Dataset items
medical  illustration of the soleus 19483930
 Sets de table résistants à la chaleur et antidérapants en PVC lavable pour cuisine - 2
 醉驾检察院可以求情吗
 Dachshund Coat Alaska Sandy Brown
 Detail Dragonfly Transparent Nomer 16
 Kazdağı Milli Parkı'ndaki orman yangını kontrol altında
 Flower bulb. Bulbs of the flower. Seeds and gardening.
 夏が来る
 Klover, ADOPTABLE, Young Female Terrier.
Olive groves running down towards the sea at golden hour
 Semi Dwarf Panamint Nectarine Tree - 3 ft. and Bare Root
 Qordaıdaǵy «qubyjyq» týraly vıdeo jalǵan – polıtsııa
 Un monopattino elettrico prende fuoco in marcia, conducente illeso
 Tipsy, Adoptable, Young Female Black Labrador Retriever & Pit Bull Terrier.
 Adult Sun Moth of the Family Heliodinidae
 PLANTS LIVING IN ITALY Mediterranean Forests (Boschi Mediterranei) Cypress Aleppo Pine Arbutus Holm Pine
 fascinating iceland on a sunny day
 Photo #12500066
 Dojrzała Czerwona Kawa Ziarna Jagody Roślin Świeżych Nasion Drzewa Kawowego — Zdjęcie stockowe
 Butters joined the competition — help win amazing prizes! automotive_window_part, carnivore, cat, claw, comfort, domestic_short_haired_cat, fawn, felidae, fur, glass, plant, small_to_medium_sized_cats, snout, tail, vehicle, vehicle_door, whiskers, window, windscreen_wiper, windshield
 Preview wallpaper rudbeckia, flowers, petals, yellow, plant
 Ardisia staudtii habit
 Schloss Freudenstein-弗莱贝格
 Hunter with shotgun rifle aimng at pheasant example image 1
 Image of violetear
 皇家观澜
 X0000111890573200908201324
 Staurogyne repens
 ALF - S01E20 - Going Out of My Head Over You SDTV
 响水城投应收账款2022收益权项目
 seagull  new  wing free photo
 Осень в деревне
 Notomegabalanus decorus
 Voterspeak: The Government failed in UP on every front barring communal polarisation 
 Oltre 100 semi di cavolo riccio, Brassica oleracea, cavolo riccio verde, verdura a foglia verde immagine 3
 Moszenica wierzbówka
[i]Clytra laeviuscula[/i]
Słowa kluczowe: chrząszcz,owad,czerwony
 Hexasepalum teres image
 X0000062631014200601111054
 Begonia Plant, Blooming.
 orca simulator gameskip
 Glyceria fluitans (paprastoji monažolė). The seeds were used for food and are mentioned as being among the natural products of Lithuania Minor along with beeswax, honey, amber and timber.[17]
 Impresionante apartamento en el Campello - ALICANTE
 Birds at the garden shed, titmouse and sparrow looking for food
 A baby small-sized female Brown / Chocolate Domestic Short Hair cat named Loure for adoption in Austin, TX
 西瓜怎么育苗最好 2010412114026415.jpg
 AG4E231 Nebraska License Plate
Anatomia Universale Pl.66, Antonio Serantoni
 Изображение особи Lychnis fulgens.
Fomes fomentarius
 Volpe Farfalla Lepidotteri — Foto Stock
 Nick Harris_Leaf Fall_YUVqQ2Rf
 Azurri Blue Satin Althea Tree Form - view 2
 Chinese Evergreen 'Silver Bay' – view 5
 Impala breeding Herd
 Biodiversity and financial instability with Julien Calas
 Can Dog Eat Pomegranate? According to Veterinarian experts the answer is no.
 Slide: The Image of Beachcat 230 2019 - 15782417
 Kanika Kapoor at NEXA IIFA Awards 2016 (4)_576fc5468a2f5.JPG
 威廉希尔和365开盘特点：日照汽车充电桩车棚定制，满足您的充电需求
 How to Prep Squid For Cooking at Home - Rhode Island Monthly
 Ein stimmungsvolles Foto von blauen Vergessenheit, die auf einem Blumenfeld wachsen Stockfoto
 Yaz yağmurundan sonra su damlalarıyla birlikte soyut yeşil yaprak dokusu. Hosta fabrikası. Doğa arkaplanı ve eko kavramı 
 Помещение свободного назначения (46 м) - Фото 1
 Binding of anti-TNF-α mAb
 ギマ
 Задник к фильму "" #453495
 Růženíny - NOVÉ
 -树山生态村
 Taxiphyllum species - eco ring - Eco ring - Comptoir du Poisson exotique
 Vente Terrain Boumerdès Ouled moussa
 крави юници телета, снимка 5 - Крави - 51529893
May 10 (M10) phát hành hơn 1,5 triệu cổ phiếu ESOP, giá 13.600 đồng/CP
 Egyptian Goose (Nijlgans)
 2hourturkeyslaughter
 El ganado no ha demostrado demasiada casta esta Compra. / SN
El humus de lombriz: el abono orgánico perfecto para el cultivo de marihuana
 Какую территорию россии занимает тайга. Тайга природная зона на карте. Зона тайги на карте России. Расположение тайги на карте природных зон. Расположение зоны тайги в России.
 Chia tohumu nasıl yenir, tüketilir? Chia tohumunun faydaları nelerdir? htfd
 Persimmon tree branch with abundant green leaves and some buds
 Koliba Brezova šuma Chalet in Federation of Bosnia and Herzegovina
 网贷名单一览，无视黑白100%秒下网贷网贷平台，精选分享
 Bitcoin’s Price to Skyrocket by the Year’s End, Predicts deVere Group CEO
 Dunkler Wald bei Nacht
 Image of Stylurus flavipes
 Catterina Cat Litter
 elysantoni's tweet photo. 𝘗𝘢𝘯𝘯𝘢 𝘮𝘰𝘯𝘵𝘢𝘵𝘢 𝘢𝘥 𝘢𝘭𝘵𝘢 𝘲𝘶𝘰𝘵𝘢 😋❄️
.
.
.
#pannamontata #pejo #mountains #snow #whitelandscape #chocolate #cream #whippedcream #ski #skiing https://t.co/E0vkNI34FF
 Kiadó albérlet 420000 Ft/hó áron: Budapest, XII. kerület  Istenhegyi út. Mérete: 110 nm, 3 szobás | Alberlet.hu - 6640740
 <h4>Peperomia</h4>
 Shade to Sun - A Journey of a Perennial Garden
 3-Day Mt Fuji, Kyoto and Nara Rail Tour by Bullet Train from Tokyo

■ **Problem to solve**: Wherever "Foto" appears in a line of the entries, copy that line.

■ **Answer to this problem**:
 Volpe Farfalla Lepidotteri — Foto Stock
 Ein stimmungsvolles Foto von blauen Vergessenheit, die auf einem Blumenfeld wachsen Stockfoto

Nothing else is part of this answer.